Stéphane Junique a rappelé l'engagement du groupe VYV qui est pleinement partie prenante du Mois de l'ESS, et qui porte à travers le groupe plus de 200 évènements durant ce mois, en proximité. S'adressant à Madame Marie-Agnès Poussier-Winsback, Ministre déléguée chargée de l'Économie sociale et solidaire, de l'Intéressement et de la Participation, il a déclaré : "Vous avez Madame la ministre le plus beau des portefeuilles : nous comptons sur vous. Ne doutez pas que des acteurs qui combattent est un atout pour vous."
Discours de Benoît Hamon, Président d'ESS France
Après avoir remercié le Groupe VYV d'accueillir l'événement de lancement du Mois de l'ESS 2024, Benoît Hamon, Président d'ESS France est entré dans le vif du sujet en révélant deux chiffres marquants.
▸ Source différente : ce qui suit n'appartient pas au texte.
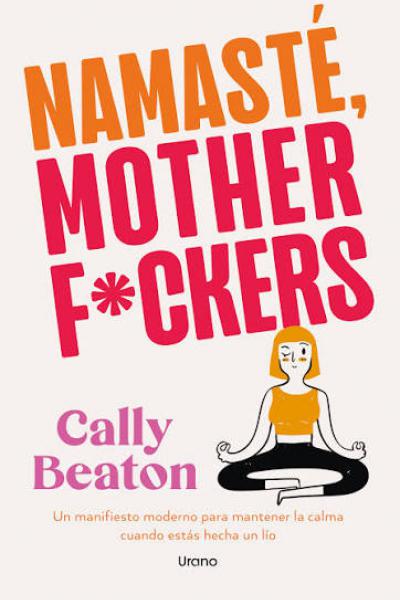 TITULO: NAMASTE MOTHERF*CKERS DE: BEATON CALLY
Le premier : 5,7 millions d'habitants dans le monde vivent dans des autocraties*. Le second : depuis 33 ans la France a multiplié par 6 son risque de basculer dans un régime autoritaire**. Benoît Hamon souligne ainsi l'évolution du contexte démocratique et que "les citoyens se détournent de la démocratie représentative et la jugent impuissante à répondre à des problèmes concrets". Dans ce contexte "L'ESS est une ressource démocratique incomparable vers laquelle il est indispensable que le gouvernement et le parlement se tournent". Il a exposé plusieurs raisons pour cela :
- L'ESS réunit des entreprises démocratiques : des entreprises où 1 personne = 1 voix.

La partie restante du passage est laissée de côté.